Erosion Control Terms To Know
Erosion control companies use a lot of science and engineering practices in order to help maintain and manage the design of your landscape and any adjacent bodies of water. To better understand the services they provide, consider the following terms and definitions.
Bioengineering - In order to prevent soil, sediment, or silt from eroding, erosion control technicians will utilize plants and their root systems to stabilize the ground. Once the plant establishes strong roots, those roots help to hold the earth together.
Cohesive Soil - Cohesive soil can be used in erosion control because it possesses inherent qualities that bond the silt and sand together. This means that the soil, on a fundamental level, is less likely to pull apart, or erode.
Fill Material - In order to change the layout of a piece of land, such as to eliminate a slope, for example, fill can be used to add height. Fill can consist of dirt, rocks, gravel, or other material, and topsoil is then placed on top. A fence or retaining wall is often integrated into the landscape design, so that the new topography holds its shape.

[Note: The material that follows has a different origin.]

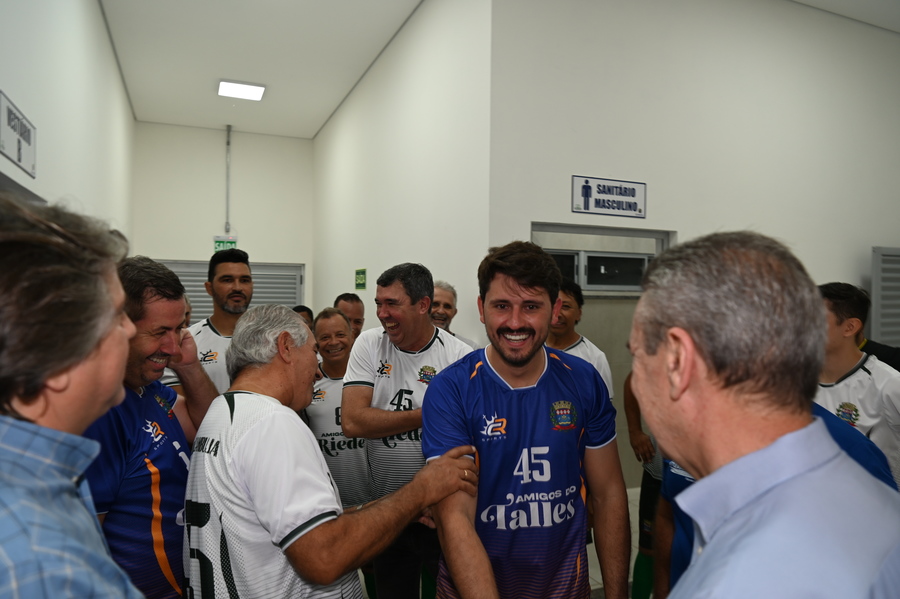 Prefeito Thalles Tomazelli e Governador Eduardo Riedel inauguram o primeiro Ginásio de Itaquiraí e assinam convênio para reforma da Praça Santos Tomazelli e implantação da rede de abastecimento de água no P.A Santa Rosa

Receiving Water - All new construction within erosion control techniques must adhere to environmental restrictions on immediate and local levels. For instance, any new underground structures or additives, such as fence posts or water wells, must not interrupt pre-existing structures that may contaminate local waterways. These local waterways are referred to as receiving water.
Thatch - Thatch is a layer within the soil that develops as plants and vegetables grow and die over time. It is a mixture of dead and living roots, shoots, and fibers that can affect the stability of the soil.